Persall, his wife and their 22 month old live off food stamps and some piecemeal landscaping work he scrapes up.
The 23-year old says more and more people are joining the ranks of the needy.
He can tell because he’s waiting longer and getting less food than he did just back in June.
“So now, instead of being able to get food every day of the week, we can get two days out of the week. And once a month we can go on Monday. And that by itself shows you how much has changed.”
Since July demand at the Soup Kitchen has nearly doubled.
To meet that, staff has had to ration how often people like Persall can pick up perishable foods like carrots, potatoes and bananas.
Eileen Brady- who’s run the place for 18 years- has never had to take such a drastic step before.
Brady’s no social scientist, she’s actually a nun.
But based on conversations with the people coming in for dinner, she says hospital layoffs and layoffs in the non-profit sector due to budget cuts have made a difficult situation worse.
She says the economic downturn in 2008 was like a swollen river, taking out people right on the banks.
“But now it’s moving further back, and it could flood an entire community, rather than just the people on the fringes who might expect to have some problems.”
The Nashua Soup Kitchen is not an anomaly.
Statewide, the Community Action Program delivers food to about 250 food pantries, soup kitchens and shelters.
For the months of July, August and September, that organization is reporting a 15% increase in requests for assistance over last year.
Pantries are telling Community Action and the New Hampshire Food Bank- which also helps keep local shelters and the like stocked- that supply is low.
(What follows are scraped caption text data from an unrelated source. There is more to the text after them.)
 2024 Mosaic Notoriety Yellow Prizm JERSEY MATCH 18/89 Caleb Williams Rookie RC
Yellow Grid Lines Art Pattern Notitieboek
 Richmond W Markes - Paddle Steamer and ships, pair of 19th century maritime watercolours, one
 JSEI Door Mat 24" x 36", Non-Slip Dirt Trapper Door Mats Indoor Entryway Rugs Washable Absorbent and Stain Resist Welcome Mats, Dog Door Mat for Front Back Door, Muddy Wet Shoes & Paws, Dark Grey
“No, it’s never been like this.”
That’s Mel Gosselin, the Executive Director of the New Hampshire Food Bank.
When you ask Gosselin how’s she’s doing, she’ll say she’s tearing her hair out.
So far, her organization has distributed 5.8 million pounds of food, with distribution up 15%.
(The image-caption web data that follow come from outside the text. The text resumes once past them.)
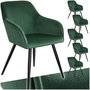 Voir la diapositive 1 : tectake Chaise style scandinave rembourrée aspect velours vert foncé/noir Lot de 6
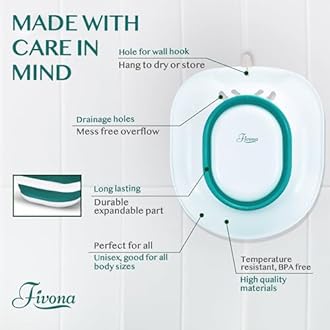 Fivona Expandable Sitz Bath Seat for Soak and Steam - Postpartum Essentials Care and Hemorrhoid Treatment - Unisex and Universal Fit Over the Toilet Yoni Steaming Bowl - At-Home Soothing Relief Device
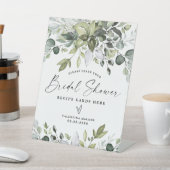 Elegante Eukalyptus Brautparty Rezeptionskarten Si Sockelschild (In SItu)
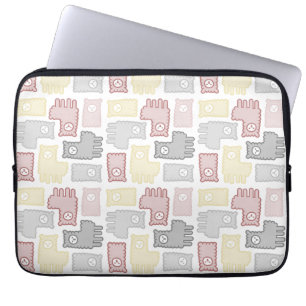 Moeilijk Pastel Lama Puzzel Patroon Laptop Sleeve
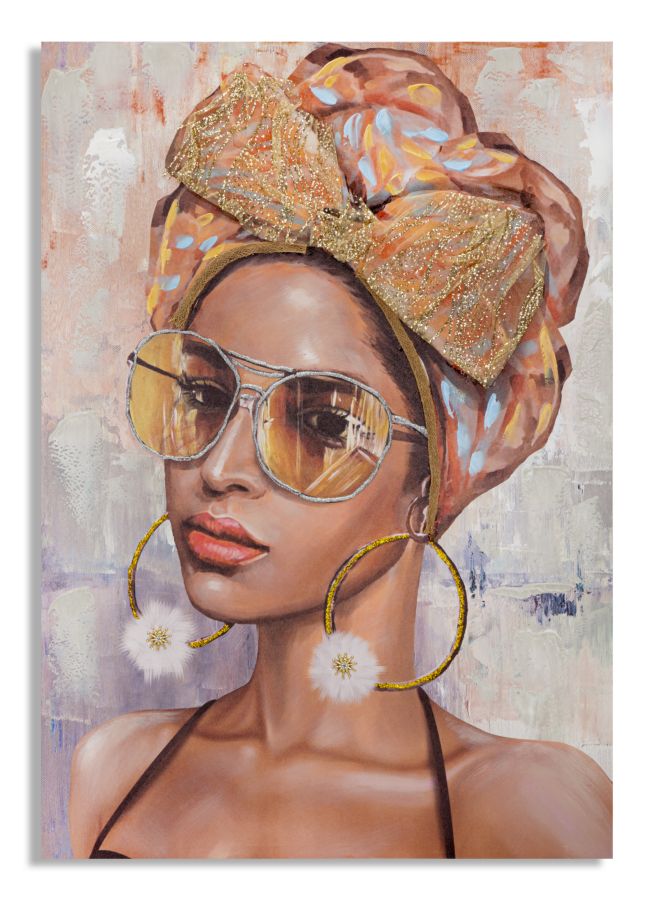 Mujer con pañuelo en la cabeza y gafas de sol Pintura Moderna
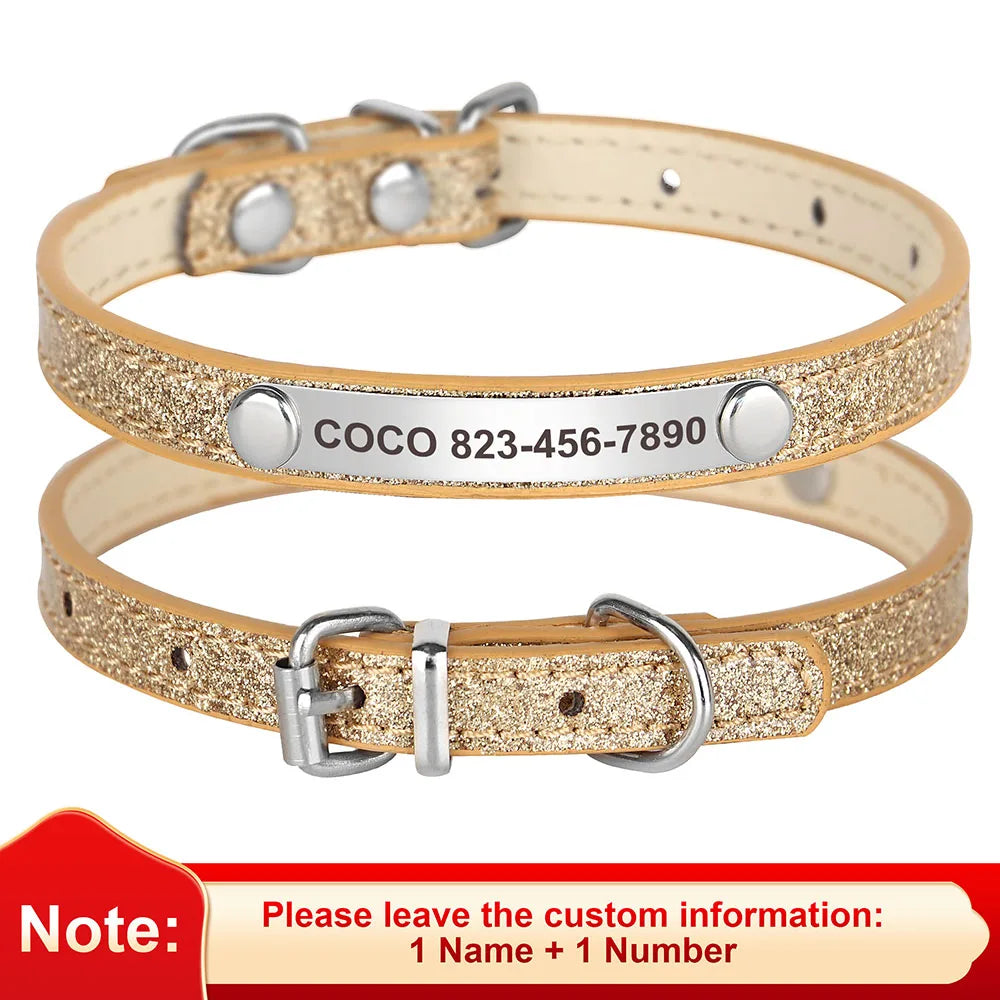 Custom Cat Collar Bling Leather Pet Cat Collars Personalized Carved Kitten Small Dogs Puppy Necklace With Engraved ID Nameplate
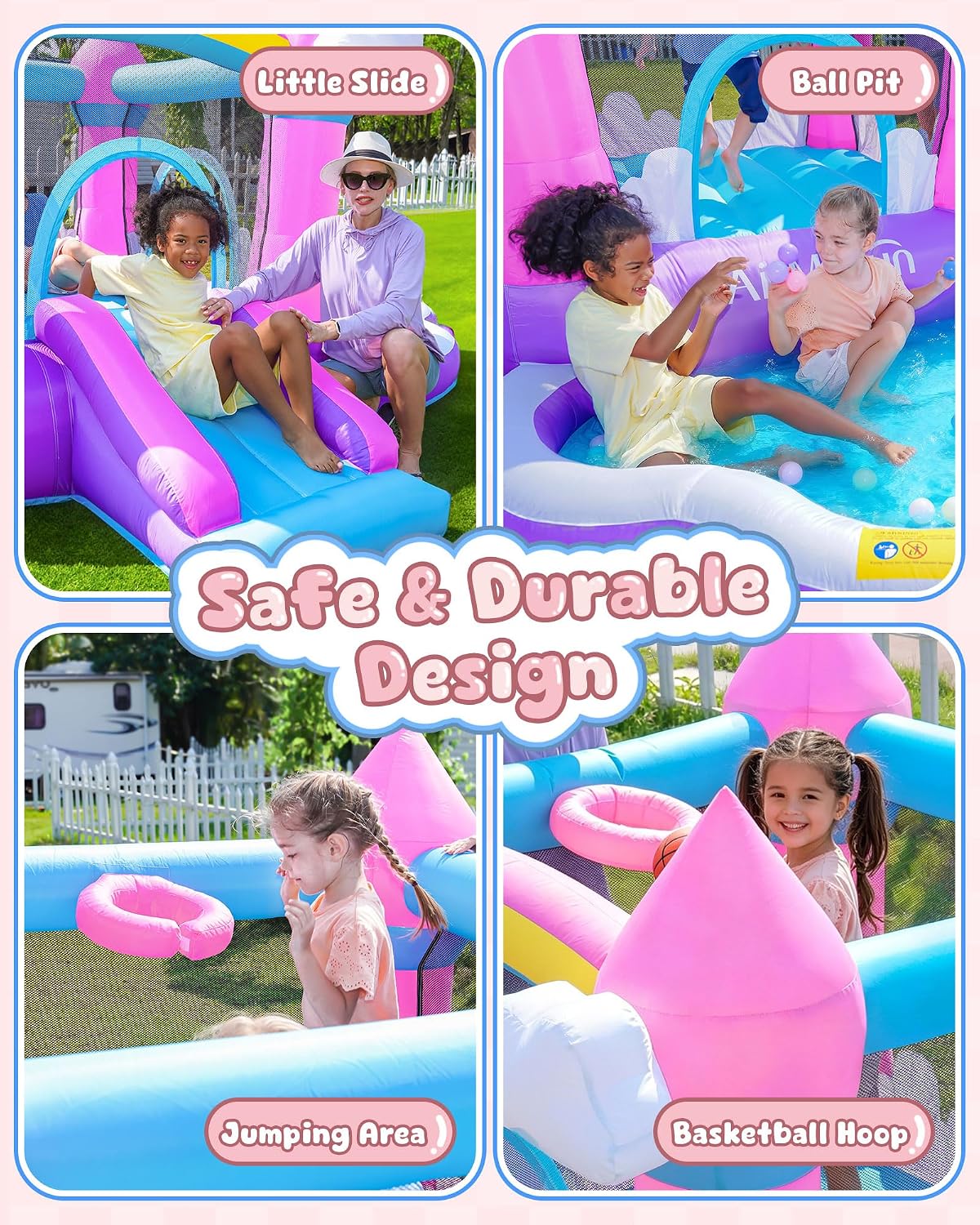 Château gonflable rose pour en - Kids Outdoor Slide avis et prix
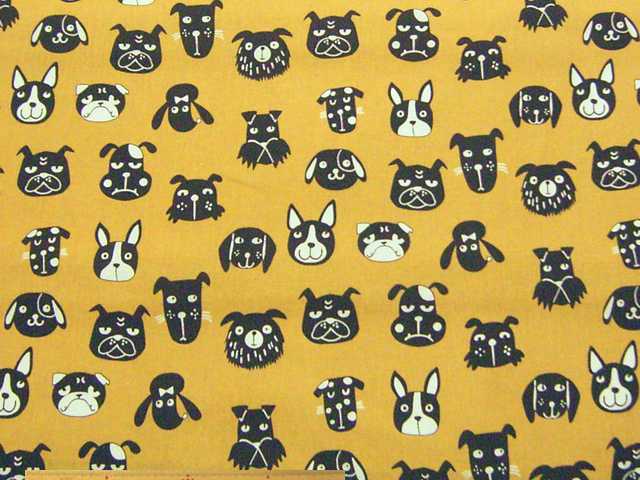イヌ柄・綿麻キャンバスプリント(マスタード)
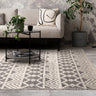 Asra Bohomian Hand Woven Wool Fringed Tribal Black Rug - Medium 120x170 cm (4'x5'6")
“To put it in perspective, today our distribution number will be between 30-40 thousand pounds out the door. If we had more food that number would be much higher.”
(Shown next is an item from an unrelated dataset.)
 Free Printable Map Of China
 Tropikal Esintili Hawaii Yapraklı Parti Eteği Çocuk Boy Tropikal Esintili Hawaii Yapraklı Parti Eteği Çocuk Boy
Gosselin says while the price of food is up, requests for food are up... contributions are down.
She says business and corporate gifts are off 45% from last year.
In response, the Food Bank is purchasing 35% of the food it distributes, an unsustainable rate.
This perfect storm, as Gosselin calls it, has forced the Food Bank to consider its own form of rationing- capping how much local pantries can pick up.
“We are hopeful that something’s got to give. Something has to change. I think it’s just having faith that things will work out ot the best they can. It’s just, I know internally, staff is stressed b/c we are not seeing a change anytime soon.”
While the general trends remain grim, there are some donors who have responded.
One woman, who wishes to remain anonymous, supports the Food Bank through the New Hampshire Charitable Foundation.
She says she’s seeing people come into soup kitchens and food pantries in their work uniforms and she worries.
“Normally we would donate through the charitable, about $1500 for the food bank. And we are up to, I just authorized a donation today for $5000 the need is there. It really is.”
The woman says she prays other people with some disposable income understand they can help.
Even if it’s $5, that $5 adds up to a meal.